‘I was called an idiot,’ former Oppenheimer employee alleges

A former employee of the Oppenheimers, Daryl Chetty, told the Equality Court on Friday that he was unfairly dismissed and called stupid by a senior executive at a company founded by billionaire businessman and conservationist Jonathan Oppenheimer.

But Chetty, who worked as an IT specialist for the Oppenheimer Partners Africa Advisors from March 2019 until he was fired at the end of May 2021, got his case referred to the Labour Court on the grounds of jurisdiction.


Among the respondents, Chetty listed Jonathan, who is the former executive of De Beers and ex-vice-president of Anglo-American Corporation, as the second respondent.

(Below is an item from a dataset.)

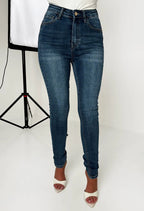 Jeans ajustados Amelie azul medio elásticos con efecto push-up.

He claims he was unfairly dismissed in 2021, induced into signing a settlement agreement terminating his employment, and intimidated by the directors and partners of the company.

The crux of Chetty’s allegations is that he says he was referred to as “idiot” by one of the company’s 23 directors and was not offered protection by other directors.

He said that on May 11, 2021, the parties concluded and signed a settlement agreement terminating his employment relationship with effect from May 31, 2021.

However, on June 6 this year, Chetty initiated the Equality Court proceedings.

 In the papers, Chetty alleges the company’s senior executive Modise Madondo, for no apparent reason, used vulgar language against him and called him an idiot.

According to Chetty, when he reported Madondo’s conduct to the UK-based Oppenheimer Partners Limited, the company failed to act.

In their defence, Oppenheimer Partners told the Equality Court that it did not have jurisdiction to hear a labour matter, and the court agreed with it.

“It should be noted that the Equality Court is a creature of statute and has only the jurisdictional powers that are conferred upon it by the legislation that created it. It does not have any discretionary powers with regard to its jurisdiction,” Judge Mpostoli Twala found.

“It therefore does not lie in the mouth of the applicant that litigants have been waiting for years for their matters to be heard in the labour court, and as such, it is expedient for his matter to be heard by this court.

“This is tantamount to bypassing the dispute resolution mechanism provided for in the Labour Relations Act and would inevitably result in litigants being involved in forum shopping, which should be discouraged,” said Twala.

He said the conduct Chetty complained about occurred at the workplace, which falls within the ambit of the Employment Equity Act.

“The unavoidable conclusion is that this court does not have jurisdiction to adjudicate matters that fall within the purview of the Employment Equity Act and the Labour Relations Act.”